36. A method of producing the polypeptide of claim 1, the method comprising culturing a cell under conditions that lead to expression of the polypeptide, wherein said cell comprises a vector comprising an isolated nucleic acid molecule comprising a nucleic acid sequence selected from the group consisting of SEQ ID NO:2n−1, wherein n is an integer between 1 and 37.

37. The method of claim 36 wherein the cell is a bacterial cell.

38. The method of claim 36 wherein the cell is an insect cell.

39. The method of claim 36 wherein the cell is a yeast cell.

40. The method of claim 36 wherein the cell is a mammalian cell.

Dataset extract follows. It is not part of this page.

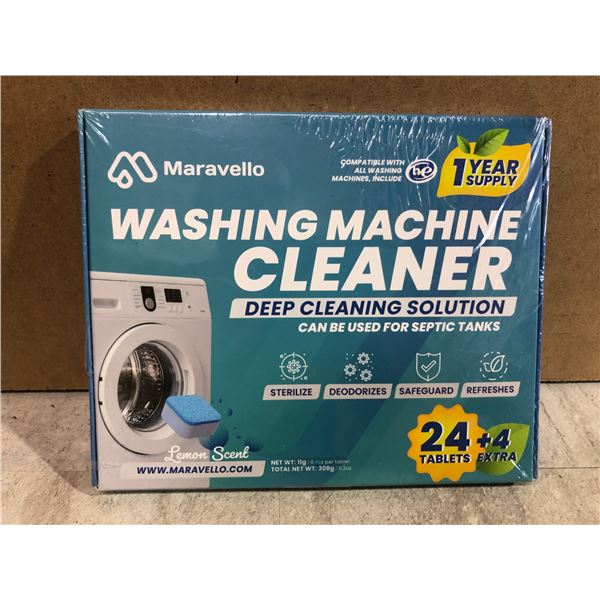 1 Year Supply - Maravello Washing Machine Cleaner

41. A method of producing the polypeptide of claim 2, the method comprising culturing a cell under conditions that lead to expression of the polypeptide, wherein said cell comprises a vector comprising an isolated nucleic acid molecule comprising a nucleic acid sequence selected from the group consisting of SEQ ID NO:2n−1, wherein n is an integer between 1 and 37.

42. The method of claim 41 wherein the cell is a bacterial cell.

43. The method of claim 41 wherein the cell is an insect cell.

44. The method of claim 41 wherein the cell is a yeast cell.

45. The method of claim 41 wherein the cell is a mammalian cell.